The typical problem of receiving serial data is how to perform a lexical scan of received data to identify a complete message packet. Text messages (canonical mode) simply use ASCII line control characters to delimit messages/lines. Even packets of fixed length need validation (to ensure that the message actually starts on the correct byte). See this example of scanning fixed-length packets.
No, the UART device driver is already servicing its interrupts (or employing DMA) to capture every byte that is received off the serial link.
There is no need for the serial port on the receive end to "synchronize" with the sending serial port at the byte level. RS-232 is an asynchronous communication link: the sender can/will transmit a character/byte at any time, and the other end must be prepared to receive it (unless there is either hardware or software flowcontrol in place) at the device driver level (and not the application program).
The OS always buffers this received data. A read() syscall by an application program is merely a copy operation from the system buffer to the user buffer. This copy operation is for both canonical and non-canonical modes.
"Getting synchronized" is typically an issue to be resolved at the message or packet level by the protocol. Master-slave is a common configuration for defining a serial link protocol. The master side sends a query message to the slave side. The slave must always be prepared to receive a query. The slave side can respond with a transaction request or data capture or whatever, or a NAK message to indicate that it has nothing for the master. This request-response dialog is intended to control or pace the data flow (and processing load) between the two units.
Addendum
Presumably you will always initiate your program before the sending device so that the first transmitted DATA_LENGTH will align with the first read by the program.

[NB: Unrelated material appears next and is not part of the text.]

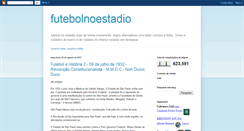 Desktop Screenshot of futebolnoestadio.blogspot.com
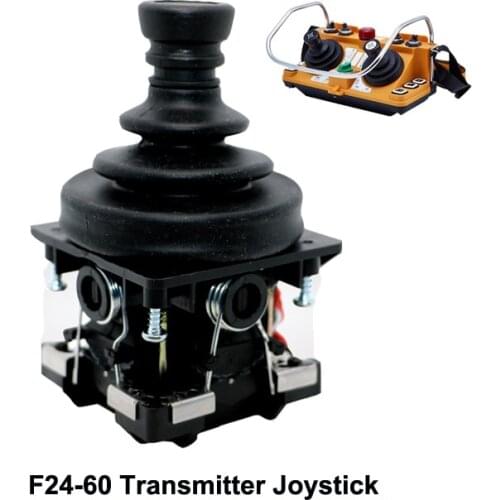 1 Piece F24-60 Wireless Industrial Electric Hoist Crane Remote Joystick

That will probably work most of the time in an ideal or monitored situation.
But for industrial 24/7 applications, the possibility of losing message frame alignment is real (e.g. sending device is restarted in middle of a transmission), and therefore a scheme that has no active means to verify and regain message frame alignment is inadequate.
IOW a raw read() of the serial port may not return an aligned message in your buffer (i.e. buf[0] may not contain the first byte of the message).
A much smaller VMIN with a nonzero VTIME is the typical termios configuration based on the premise that the serial link is idle (for a short interval) after each message.
But the code should be robust to handle any/all message fragments as they are read. So more than one read() may be needed to reconstruct the entire message.